### YOUR TASK
Type out the data again. Keep every line exactly the same.

START RECORDS FOR THIS EXERCISE

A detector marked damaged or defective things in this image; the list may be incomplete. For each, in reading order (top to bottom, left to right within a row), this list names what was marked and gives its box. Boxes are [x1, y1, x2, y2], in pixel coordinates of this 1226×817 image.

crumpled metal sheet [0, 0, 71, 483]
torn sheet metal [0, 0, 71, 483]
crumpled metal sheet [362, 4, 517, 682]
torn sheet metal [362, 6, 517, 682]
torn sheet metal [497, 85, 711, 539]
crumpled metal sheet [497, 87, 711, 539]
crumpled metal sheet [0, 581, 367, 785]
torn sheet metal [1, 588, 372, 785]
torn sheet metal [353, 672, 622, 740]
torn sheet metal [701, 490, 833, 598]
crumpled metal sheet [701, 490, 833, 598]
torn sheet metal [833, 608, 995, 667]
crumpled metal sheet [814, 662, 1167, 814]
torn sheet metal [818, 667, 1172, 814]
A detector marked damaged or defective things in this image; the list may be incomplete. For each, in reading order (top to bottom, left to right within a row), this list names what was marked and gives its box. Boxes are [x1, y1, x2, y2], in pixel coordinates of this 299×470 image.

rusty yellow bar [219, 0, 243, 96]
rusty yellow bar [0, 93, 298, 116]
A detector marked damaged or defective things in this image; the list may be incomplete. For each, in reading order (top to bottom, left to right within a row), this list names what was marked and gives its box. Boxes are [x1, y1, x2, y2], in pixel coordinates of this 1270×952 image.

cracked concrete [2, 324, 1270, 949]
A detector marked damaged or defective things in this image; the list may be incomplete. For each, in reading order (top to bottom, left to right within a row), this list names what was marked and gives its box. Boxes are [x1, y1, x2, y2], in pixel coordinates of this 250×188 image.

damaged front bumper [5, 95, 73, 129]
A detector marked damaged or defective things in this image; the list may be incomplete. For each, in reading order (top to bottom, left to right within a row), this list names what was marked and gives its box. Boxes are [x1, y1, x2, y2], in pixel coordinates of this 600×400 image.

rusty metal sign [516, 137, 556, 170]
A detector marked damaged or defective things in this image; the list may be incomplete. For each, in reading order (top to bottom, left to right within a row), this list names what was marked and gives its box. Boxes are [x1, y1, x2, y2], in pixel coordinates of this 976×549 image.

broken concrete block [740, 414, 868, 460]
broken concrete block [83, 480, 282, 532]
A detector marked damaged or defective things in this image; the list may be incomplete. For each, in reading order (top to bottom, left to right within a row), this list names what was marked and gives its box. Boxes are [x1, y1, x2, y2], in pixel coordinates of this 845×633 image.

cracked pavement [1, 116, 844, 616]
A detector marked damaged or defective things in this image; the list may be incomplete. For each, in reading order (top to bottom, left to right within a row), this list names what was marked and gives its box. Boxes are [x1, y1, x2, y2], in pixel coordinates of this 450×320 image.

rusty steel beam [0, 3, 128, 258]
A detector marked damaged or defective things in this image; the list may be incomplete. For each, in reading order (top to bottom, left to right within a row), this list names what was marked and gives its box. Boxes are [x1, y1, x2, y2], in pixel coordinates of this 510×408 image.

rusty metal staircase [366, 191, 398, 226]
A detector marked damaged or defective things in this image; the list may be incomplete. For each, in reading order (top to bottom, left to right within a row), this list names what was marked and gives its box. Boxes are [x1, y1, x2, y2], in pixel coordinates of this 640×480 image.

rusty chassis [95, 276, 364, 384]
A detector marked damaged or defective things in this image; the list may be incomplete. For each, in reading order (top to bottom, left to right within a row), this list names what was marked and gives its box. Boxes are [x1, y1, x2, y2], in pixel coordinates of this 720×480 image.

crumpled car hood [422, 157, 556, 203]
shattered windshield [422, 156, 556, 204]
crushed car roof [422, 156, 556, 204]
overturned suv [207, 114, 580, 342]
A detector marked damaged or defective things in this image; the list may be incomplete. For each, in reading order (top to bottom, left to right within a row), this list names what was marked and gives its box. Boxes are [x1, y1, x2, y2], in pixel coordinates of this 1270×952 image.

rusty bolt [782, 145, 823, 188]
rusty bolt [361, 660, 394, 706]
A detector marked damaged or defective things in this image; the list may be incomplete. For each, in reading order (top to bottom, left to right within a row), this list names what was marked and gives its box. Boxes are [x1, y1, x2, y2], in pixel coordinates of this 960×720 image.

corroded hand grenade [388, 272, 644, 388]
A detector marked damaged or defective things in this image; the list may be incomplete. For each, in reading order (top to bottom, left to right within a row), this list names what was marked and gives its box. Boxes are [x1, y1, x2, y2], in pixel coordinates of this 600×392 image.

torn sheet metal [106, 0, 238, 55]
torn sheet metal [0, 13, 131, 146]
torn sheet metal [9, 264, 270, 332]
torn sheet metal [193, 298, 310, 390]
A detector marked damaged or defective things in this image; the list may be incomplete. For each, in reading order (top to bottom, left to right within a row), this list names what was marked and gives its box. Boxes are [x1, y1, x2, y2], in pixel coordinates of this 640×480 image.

END RECORDS FOR THIS EXERCISE

### ANSWER BOX
A detector marked damaged or defective things in this image; the list may be incomplete. For each, in reading order (top to bottom, left to right within a row), this list names what was marked and gives its box. Boxes are [x1, y1, x2, y2], in pixel coordinates of this 1226×817 image.

crumpled metal sheet [0, 0, 71, 483]
torn sheet metal [0, 0, 71, 483]
crumpled metal sheet [362, 4, 517, 682]
torn sheet metal [362, 6, 517, 682]
torn sheet metal [497, 85, 711, 539]
crumpled metal sheet [497, 87, 711, 539]
crumpled metal sheet [0, 581, 367, 785]
torn sheet metal [1, 588, 372, 785]
torn sheet metal [353, 672, 622, 740]
torn sheet metal [701, 490, 833, 598]
crumpled metal sheet [701, 490, 833, 598]
torn sheet metal [833, 608, 995, 667]
crumpled metal sheet [814, 662, 1167, 814]
torn sheet metal [818, 667, 1172, 814]
A detector marked damaged or defective things in this image; the list may be incomplete. For each, in reading order (top to bottom, left to right within a row), this list names what was marked and gives its box. Boxes are [x1, y1, x2, y2], in pixel coordinates of this 299×470 image.

rusty yellow bar [219, 0, 243, 96]
rusty yellow bar [0, 93, 298, 116]
A detector marked damaged or defective things in this image; the list may be incomplete. For each, in reading order (top to bottom, left to right within a row), this list names what was marked and gives its box. Boxes are [x1, y1, x2, y2], in pixel coordinates of this 1270×952 image.

cracked concrete [2, 324, 1270, 949]
A detector marked damaged or defective things in this image; the list may be incomplete. For each, in reading order (top to bottom, left to right within a row), this list names what was marked and gives its box. Boxes are [x1, y1, x2, y2], in pixel coordinates of this 250×188 image.

damaged front bumper [5, 95, 73, 129]
A detector marked damaged or defective things in this image; the list may be incomplete. For each, in reading order (top to bottom, left to right within a row), this list names what was marked and gives its box. Boxes are [x1, y1, x2, y2], in pixel coordinates of this 600×400 image.

rusty metal sign [516, 137, 556, 170]
A detector marked damaged or defective things in this image; the list may be incomplete. For each, in reading order (top to bottom, left to right within a row), this list names what was marked and gives its box. Boxes are [x1, y1, x2, y2], in pixel coordinates of this 976×549 image.

broken concrete block [740, 414, 868, 460]
broken concrete block [83, 480, 282, 532]
A detector marked damaged or defective things in this image; the list may be incomplete. For each, in reading order (top to bottom, left to right within a row), this list names what was marked and gives its box. Boxes are [x1, y1, x2, y2], in pixel coordinates of this 845×633 image.

cracked pavement [1, 116, 844, 616]
A detector marked damaged or defective things in this image; the list may be incomplete. For each, in reading order (top to bottom, left to right within a row), this list names what was marked and gives its box. Boxes are [x1, y1, x2, y2], in pixel coordinates of this 450×320 image.

rusty steel beam [0, 3, 128, 258]
A detector marked damaged or defective things in this image; the list may be incomplete. For each, in reading order (top to bottom, left to right within a row), this list names what was marked and gives its box. Boxes are [x1, y1, x2, y2], in pixel coordinates of this 510×408 image.

rusty metal staircase [366, 191, 398, 226]
A detector marked damaged or defective things in this image; the list may be incomplete. For each, in reading order (top to bottom, left to right within a row), this list names what was marked and gives its box. Boxes are [x1, y1, x2, y2], in pixel coordinates of this 640×480 image.

rusty chassis [95, 276, 364, 384]
A detector marked damaged or defective things in this image; the list may be incomplete. For each, in reading order (top to bottom, left to right within a row), this list names what was marked and gives its box. Boxes are [x1, y1, x2, y2], in pixel coordinates of this 720×480 image.

crumpled car hood [422, 157, 556, 203]
shattered windshield [422, 156, 556, 204]
crushed car roof [422, 156, 556, 204]
overturned suv [207, 114, 580, 342]
A detector marked damaged or defective things in this image; the list may be incomplete. For each, in reading order (top to bottom, left to right within a row), this list names what was marked and gives its box. Boxes are [x1, y1, x2, y2], in pixel coordinates of this 1270×952 image.

rusty bolt [782, 145, 823, 188]
rusty bolt [361, 660, 394, 706]
A detector marked damaged or defective things in this image; the list may be incomplete. For each, in reading order (top to bottom, left to right within a row), this list names what was marked and gives its box. Boxes are [x1, y1, x2, y2], in pixel coordinates of this 960×720 image.

corroded hand grenade [388, 272, 644, 388]
A detector marked damaged or defective things in this image; the list may be incomplete. For each, in reading order (top to bottom, left to right within a row), this list names what was marked and gives its box. Boxes are [x1, y1, x2, y2], in pixel coordinates of this 600×392 image.

torn sheet metal [106, 0, 238, 55]
torn sheet metal [0, 13, 131, 146]
torn sheet metal [9, 264, 270, 332]
torn sheet metal [193, 298, 310, 390]
A detector marked damaged or defective things in this image; the list may be incomplete. For each, in reading order (top to bottom, left to right within a row), this list names what was marked and gives its box. Boxes are [x1, y1, x2, y2], in pixel coordinates of this 640×480 image.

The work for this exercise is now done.